A Reflection for the Feast of the Presentation of the Lord
When the days were completed for their purification
according to the law of Moses,
Mary and Joseph took Jesus up to Jerusalem
to present him to the Lord,
just as it is written in the law of the Lord,
Every male that opens the womb shall be consecrated to the Lord,
and to offer the sacrifice of
a pair of turtledoves or two young pigeons,
in accordance with the dictate in the law of the Lord. (Lk 2:22-40)
Whenever I think of Jesus, I tend to think of him in one of three distinct ways: first, I think of him at his birth in Bethlehem. Second, I think of him during his earthly ministry, which takes up the vast majority of the Gospels. Third, I think of him post-Resurrection and Ascension into heaven, when he takes his place at the right hand of God the Father. Now, I think these are all well and good (and I’m sure some readers think the same). These images of Jesus are certainly prominent for a reason—they’re the most relevant to our understanding of our faith.

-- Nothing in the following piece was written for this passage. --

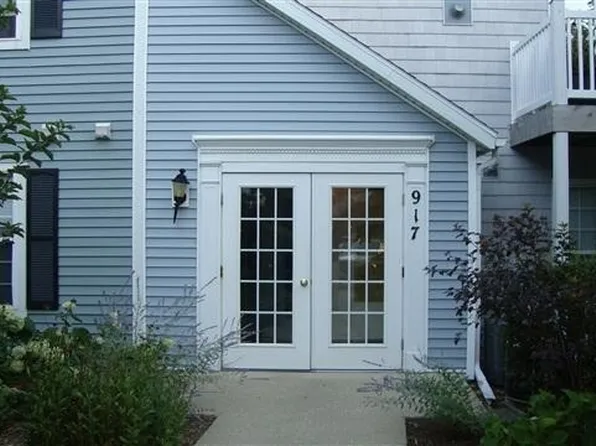 917 Harbor House Dr Unit 3, Madison, WI 53719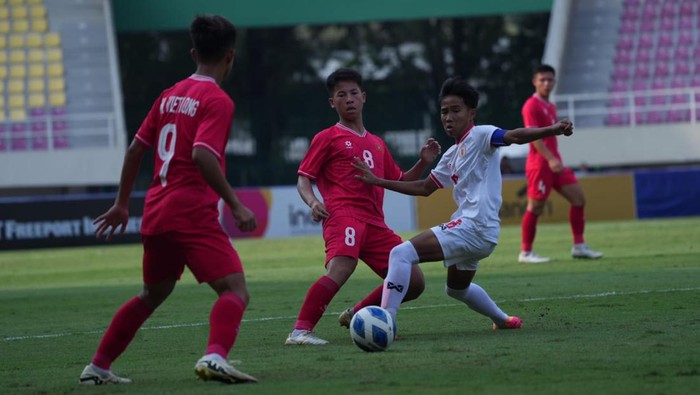 Laga Vietnam U-16 melawan Myanmar U-16 di laga terakhir Grup B Piala AFF U-16 2024 di Stadion Manahan, Solo, Jumat (28/6/2024).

But let’s pause for a moment to consider Jesus, not as the savior born of the Virgin Mary to save mankind from sin, but simply as a human being. After all, part of our faith is our belief that Jesus is fully human and fully divine. Jesus was more than just a stoic and messiah, whose only focus was the goal of salvation. He was also a man, and before that, a boy—and that comes along with everything that it means to be a human, just without the added burden of sin.
As Luke points out in today’s reading, Jesus did not get any special treatment for being the son of God. He still had to be brought to Jerusalem with his parents for a presentation ceremony, so that he might be “consecrated to the Lord.” This was one of many coming-of-age events that happened to a Jewish boy in first-century Judea, and certainly not the last that Jesus would experience. Earlier in this chapter, Luke talks of Jesus’ circumcision; later, there is the infamous scene when the twelve-year-old Christ appears to go missing during Passover in Jerusalem, and his parents find him causing a fuss with the temple’s rabbis. Then, when Jesus started to become an adult, he would learn carpentry from Joseph, inheriting his father’s trade from him.
Jesus is there in all the moments in your life that these stories remind you of because he, like us, had to go through them.
It is very easy to forget that Jesus was fully human, and it can be difficult to imagine what he must have been like. But he too had to go through long, uncomfortable ceremonies. He too ignored his parents’ wishes and did what he wanted. He too had those small and intimate moments where he connected with his family and friends. Jesus was fully human in addition to being fully divine, and nowhere was that seen more prominently than during his childhood.
I would encourage everyone to read between the lines of these various chapters of Jesus’ childhood because they are incredibly human and very relatable, in ways that the epic scope of his adult life miracles and ministry cannot really be. He was just like you and me.
When he was consecrated at the temple, think back to your own baptism or the baptisms of family members. When he went missing in a big city and his parents scrambled to search for him, imagine the relief that Mary and Joseph must have felt when they finally found him (and what might have been some second-hand embarrassment from their child’s bold behavior). When Joseph was teaching his son how to be a carpenter, remember all the times that parental figures in your life taught you something valuable and passed down a part of themselves to you. Jesus experienced all of that and more. He’s there in all the moments in your life that these stories remind you of because he, like us, had to go through them.